Di Wilayah Kimberley, yang jarak terdekatnya 200 kilometer dari Kilang FLNG Prelude, Shell menginvestasikan uangnya untuk kepentingan sosial.
"Investasi sosial kami difokuskan kepada pendidikan, termasuk proyek yang mendorong ketertarikan masyarakat dalam bidang sains dan teknologi," demikian tulis website Shell.
Sayangnya, untuk Blok Masela di Indonesia, Inpex dan Shell belum ada proposal yang jelas seperti di Australia.
Satu yang mengemuka belakangan ini adalah adanya usul agar kontraktor menyediakan dana pembangunan Maluku sebesar US$ 5 miliar. Tapi tidakkah Inpex dan Shell berkeinginan juga mendirikan kampus teknologi dan sains di Maluku?
FLNG Melibatkan Banyak Negara
Untuk FLNG Prelude, Shell yang juga bekerja sama dengan Inpex memesan sebuah kapal besar yang dibangun di Geoje, Korea Selatan. Kapal FLNG itu dibangun dengan panjang 488 meter, lebar 74 meter, dan beratnya lebih dari 600 ribu ton. Korea Selatan mendapat kucuran rejeki karena ada setidaknya 5.000 pekerja yang setiap hari terserap untuk bekerja di fasilitas di Geoje yang dimiliki Samsung Heavy Industries.
Selain itu, pembangunan kapal juga mendapat pasokan komponen dari Spanyol.
Turret mooring system untuk FLNG Prelude dibangun di Dubai. Ketika akhirnya dirakit di Korsel, maka turret itu akan menjadi yang terbesar di duia dengan ketinggian mencapai 100 meter.

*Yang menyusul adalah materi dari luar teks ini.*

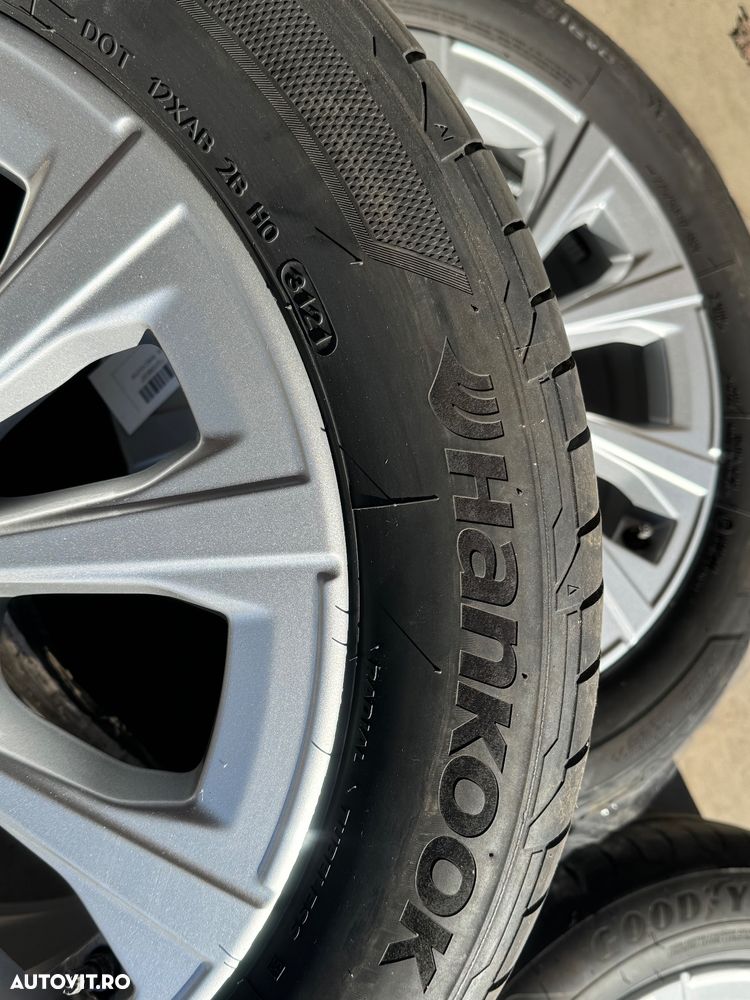 Vând jante originale BMW G21 pe 17” cu anvelope de vară ca noi - 10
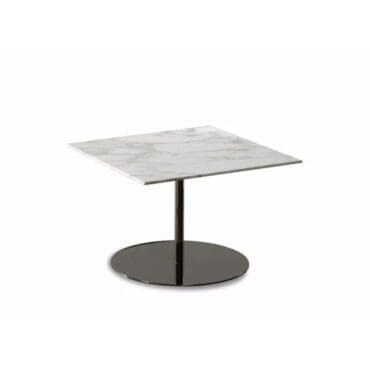 Minotti - Tavolo Bellagio marmo calacatta H38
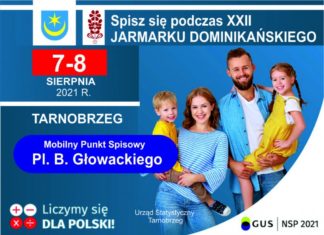 SPISZ SIĘ PODCZAS XXII JARMARKU DOMINIKAŃSKIEGO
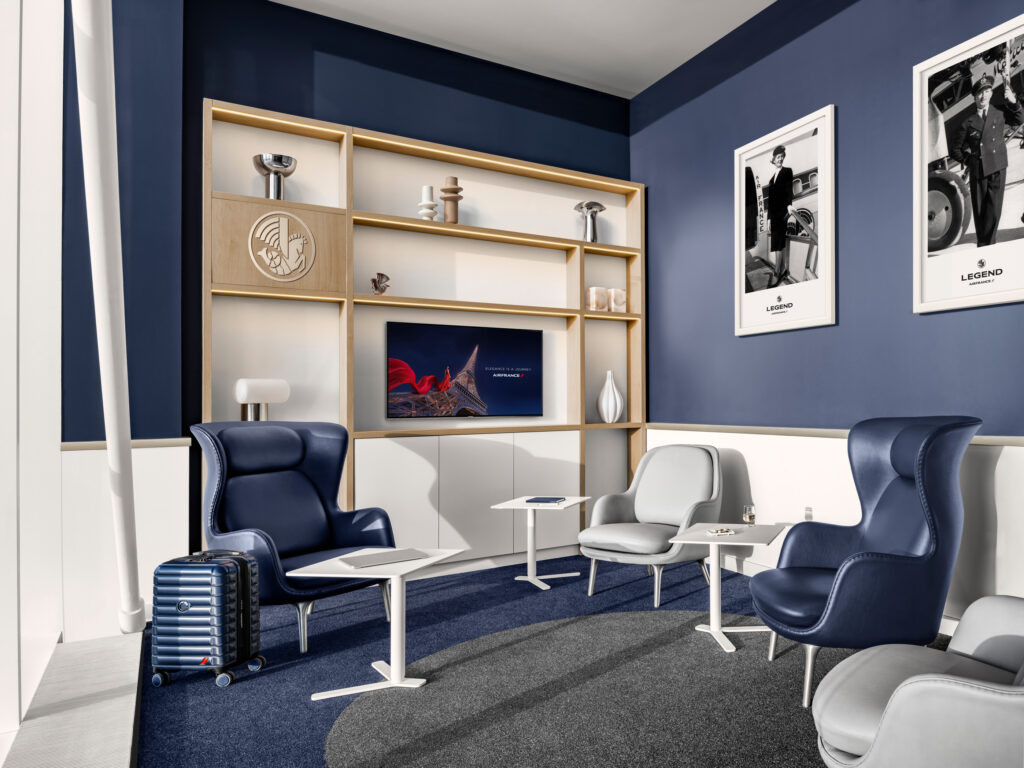 Air France lounge, Heathrow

Untuk rig pengeboran dibuat oleh perusahaan asal Prancis, Noble Clyde Boudreaux. Prancis juga memperoleh pekerjaan pembangunan loading arm oleh sebuah perusahaan di Sens, Prancis.
Negara lain yang kecipratan proyek FLNG Prelude adalah Malaysia, yang menjadi lokasi pembangunan disain sistem subsea berbentuk pohon natal, manifold, dan peralatan kontrol.